_Brief:_ Give the data back exactly. Leave out any images.

__________

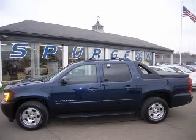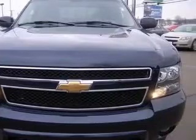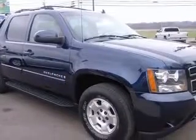We are proud to present this excellent 2007 Chevrolet Avalanche 1500. This Avalanche 1500 has a 5.3L V8 engine and an automatic transmission.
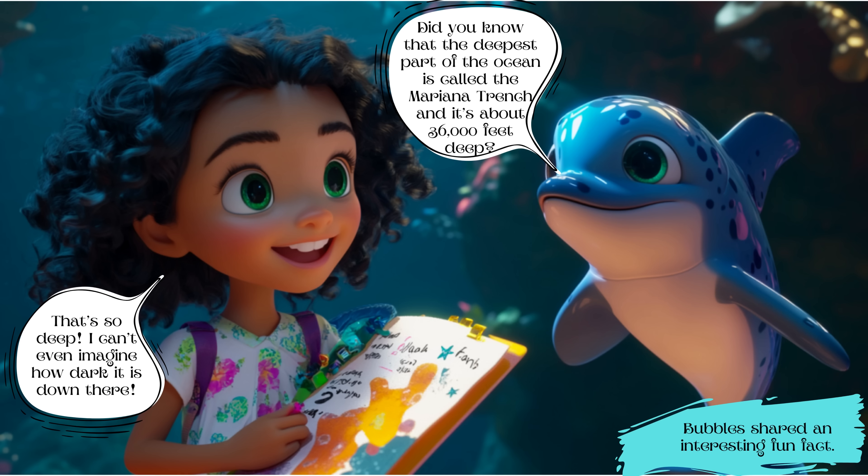Bubbles shared an interesting fun fact: 'Did you know that the deepest part of the ocean is called the Mariana Trench and it's about 36,000 feet deep?' Luna replied, 'That's so deep — I can't even imagine how dark it is down there.'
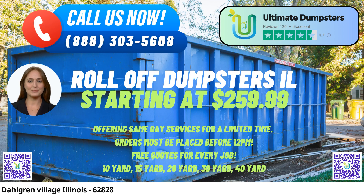Ultimate Dumpsters is your premier same-day roll-off dumpster rental service in Dahlgren Village, Illinois, providing efficient waste management and debris disposal solutions for both residential and commercial needs. Our extensive benefits make us the go-to choice for dumpster rental services in the city and state.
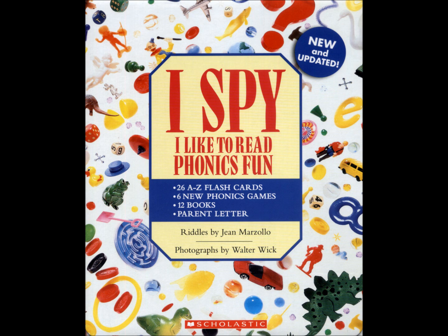I spy sight words. You will see the following words in this book. The rhythm, rhyme, and repetition of the I spy riddles will help you learn them.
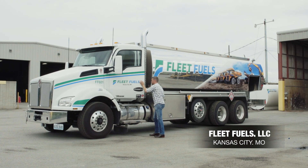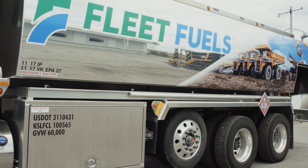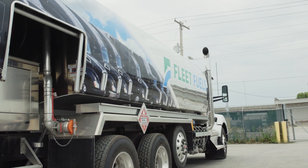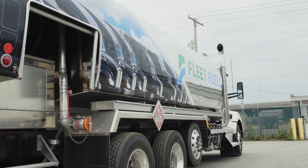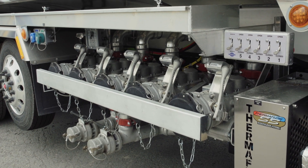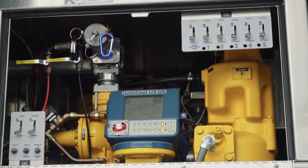We are in the fleet fueling business, servicing fleets of on-road semis and off-road heavy construction equipment. We were aware of Westmore for about the last year and put this truck together about three or four months ago. It is a five compartment, 4,500 gallon refined fuel delivery truck, primarily focusing on dye diesel and clear diesel tank wagon deliveries.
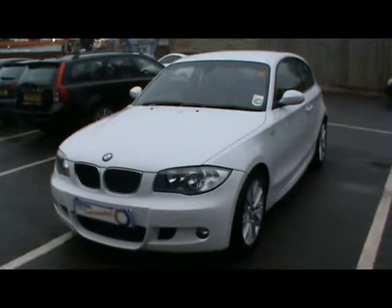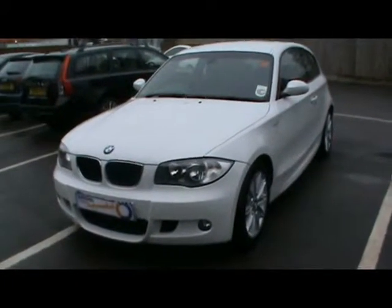Welcome to Imperial Cars. Today we have a BMW 116i to show you. We'll take you around the car so you can get a better idea of the condition and the certain features of this vehicle.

__________

_Response to the task:_
We are proud to present this excellent 2007 Chevrolet Avalanche 1500. This Avalanche 1500 has a 5.3L V8 engine and an automatic transmission.
Bubbles shared an interesting fun fact: 'Did you know that the deepest part of the ocean is called the Mariana Trench and it's about 36,000 feet deep?' Luna replied, 'That's so deep — I can't even imagine how dark it is down there.'
Ultimate Dumpsters is your premier same-day roll-off dumpster rental service in Dahlgren Village, Illinois, providing efficient waste management and debris disposal solutions for both residential and commercial needs. Our extensive benefits make us the go-to choice for dumpster rental services in the city and state.
I spy sight words. You will see the following words in this book. The rhythm, rhyme, and repetition of the I spy riddles will help you learn them.
We are in the fleet fueling business, servicing fleets of on-road semis and off-road heavy construction equipment. We were aware of Westmore for about the last year and put this truck together about three or four months ago. It is a five compartment, 4,500 gallon refined fuel delivery truck, primarily focusing on dye diesel and clear diesel tank wagon deliveries.
Welcome to Imperial Cars. Today we have a BMW 116i to show you. We'll take you around the car so you can get a better idea of the condition and the certain features of this vehicle.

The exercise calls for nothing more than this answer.